Gentry requests a company vehicle, preferably an “SUV-style vehicle,” but then goes on to outline how expenses would be reimbursed for when Gentry uses his personal vehicle. It is not immediately clear why Gentry would use his own vehicle, if given a city car. The proposal further goes on to seek CEIDC budgeting for funds for professional development and continuing education. 

Gentry accepts a yearly performance review from the CEIDC board, but notes, “the evaluation of the Employee shall at all times be conducted in CLOSED SESSION of the CEIDC Board of Directors and shall be considered confidential to the maximum and full extent permitted by law. 

The proposed contract Gentry sent to City of Crockett officials was obtained by The Messenger

The agreement lays out the conditions under which Gentry’s employment could be terminated:

“(a) Any willful, knowing, grossly negligent, or negligent breach, disregard or habitual neglect of any provision of this Agreement, or any willful, knowing, grossly negligent, or negligent breach, disregard or habitual neglect of any duty or obligation required to be performed by Executive Director under this Agreement or under the Bylaws of the CEIDC and/or the laws of the United States of America or the State of Texas.

(b) Any misconduct of the Executive Director involving an act of moral turpitude, criminal illegality (excepting minor traffic violations), or habitual violations of the traffic laws, whether or not related to Employee’s official duties hereunder.

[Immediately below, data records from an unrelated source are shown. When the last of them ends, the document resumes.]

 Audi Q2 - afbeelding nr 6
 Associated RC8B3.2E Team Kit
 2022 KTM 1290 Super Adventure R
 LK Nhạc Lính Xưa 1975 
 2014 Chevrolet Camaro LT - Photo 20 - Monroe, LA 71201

(c) Any willful, knowing, grossly negligent or negligent misapplication or misuse, direct or indirect by Employee of CEIDC or of other funds or other property, real personal, or mixed owned by or entrusted to CEIDC, any agency or corporation thereof, or the Employee in his official capacity.”

The severance package is unclear, if a potential payout would be one year or three, as the language is unclear, giving one amount in numbers and a different amount written out: “an amount equal to the value of twelve (36) months of the Employee’s then current salary to serve as the primary basis for the Employee’s severance pay.”

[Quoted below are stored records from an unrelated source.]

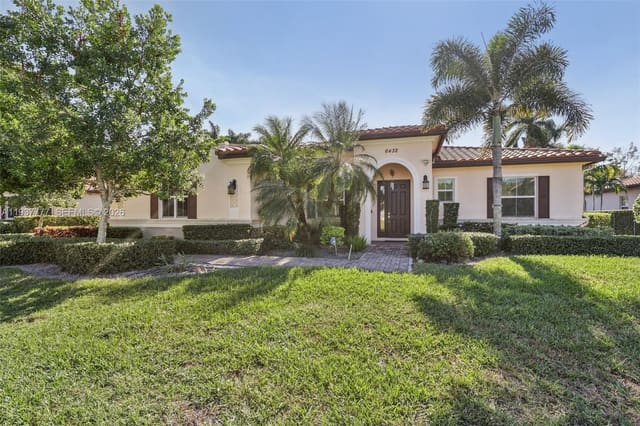 6432 SW 55th Place, Davie, FL 33314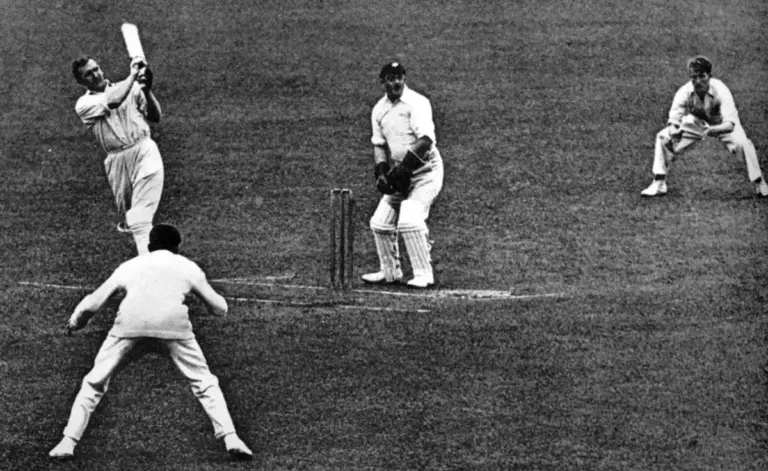 On this day: Oxford were bowled out for the second-lowest total in first-class cricket history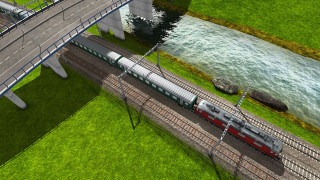 Train Fever PC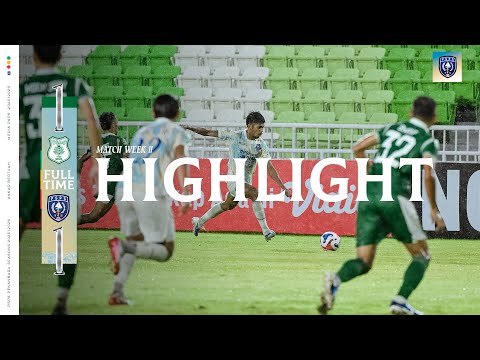 Highlights of PSMS Medan vs. PSPS Pekanbaru | PEGADAIAN CHAMPIONSHIP 2025/2026 (Match 11)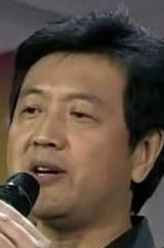 慢羊羊（高全胜饰演）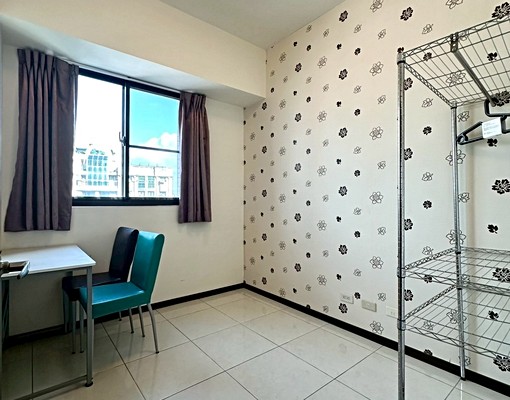 站前Casa2房含管費,生活機能佳,必租地點 - Image 4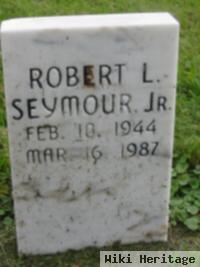 Robert L Seymour, Jr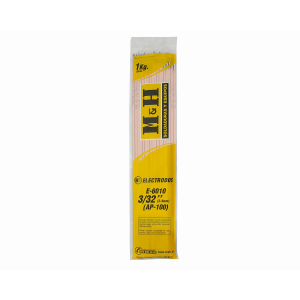 SOLDADURA M Y H 6010 3-32 1KG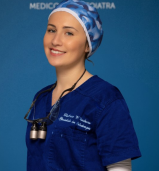Dr. Valentina Ventura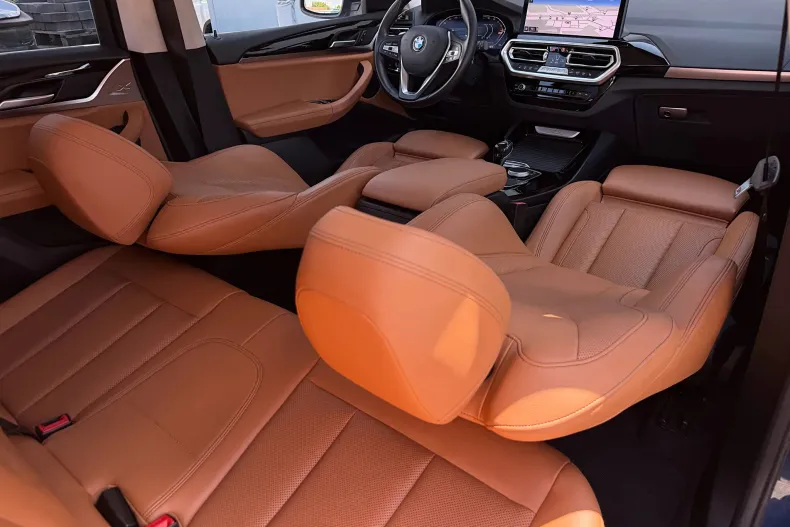 BMW X3 (Seria X) din 2022 cu 164.327 km - oferta BMW234396 - foto 18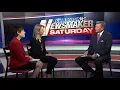 Newsmaker Saturday Nancy Barto Kelli Butler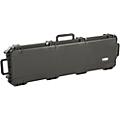 ATA Bass Case Level 1 With Open Cavity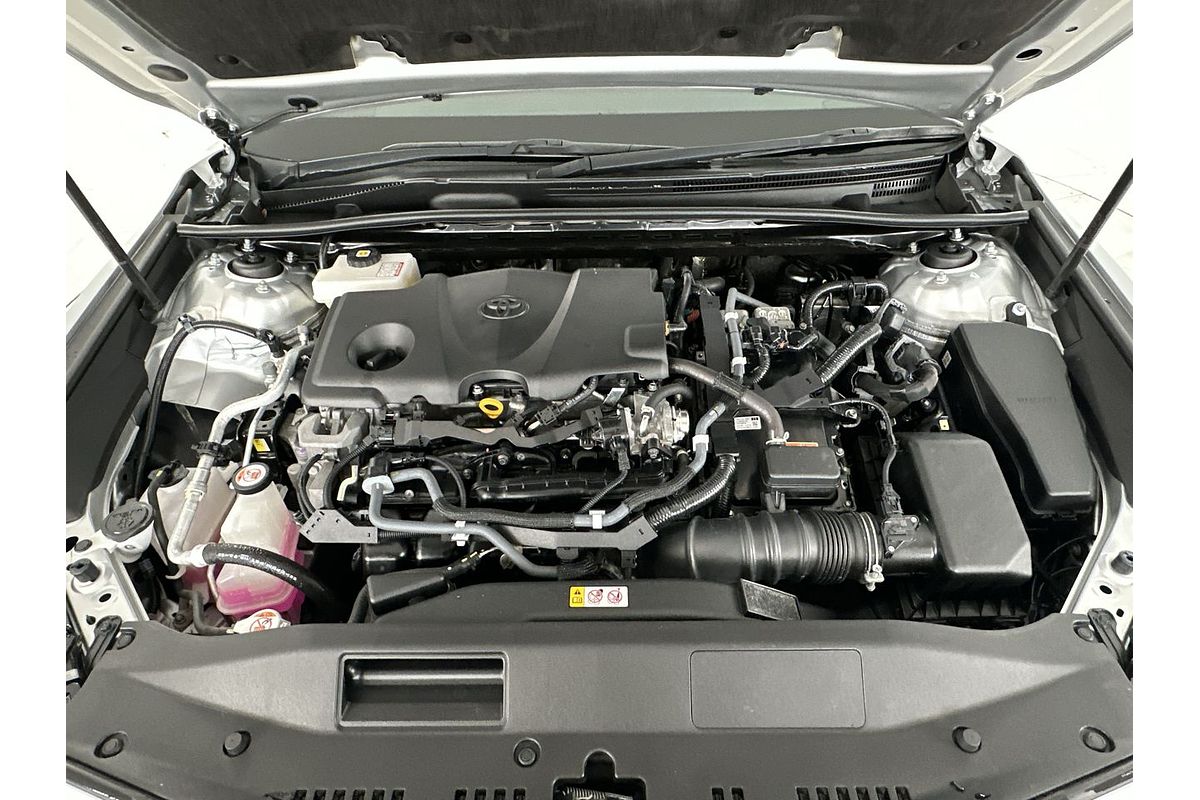 2021 Toyota Camry Ascent AXVH70R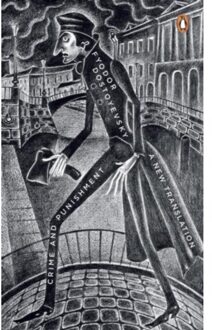 Crime and Punishment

The contract interestingly goes on to state if Gentry is fired, but does not release any claims against the city, he is owed nothing. It is not clear if this is in case he is terminated to be able to continue his million-dollar lawsuit against the city, or if this is standard language in such a contract. 

There are a number of questions the document raises. The internal audit, as reported in The Messenger, is very clear CEIDC is a creation of city council, which exists at its discretion. How can the Executive Director of that organization – and a city employee himself – demand to have no communication with either city officials or the council?

The proposed contract seems to disregard CEIDC can be changed, modified or even closed at the city council’s discretion, saying implicitly, “This agreement is a contractual agreement which supersedes and or prevents the “at will” vote of the City of Crockett City Council for suspension or termination of this agreement and is in accordance with the CEIDC Bylaws, & the State of Texas.”

The internal affairs review – which was approved by city council – also states the city should run hiring, firing, bill paying and procurement for CEIDC. This contract seems to contradict that, entirely, and contradict what the city council already approved. 

The fact that Gentry will control the communication between CEIDC employees and city employees seems not only a hinderance to normal operations in the small world of the city of Crockett, it also might violate rules against potential whistleblowers. 

What role does Gentry’s lawsuit against the city play in the vote of city council? Was the timing of the filing of the lawsuit a ploy to get the contract signed or was it filed under the assumption Gentry will have the votes on city council to approve paying out the million dollar suit? Will the lawsuit go away with the new employment contract or will they run parallel to each other? Paying for continuing education and professional development seems interesting, given Gentry has been involved with CEIDC since 2012 and the nearly $100,000 a year contract. Would the city be able to find someone at that pay rate who would not need such personal development training?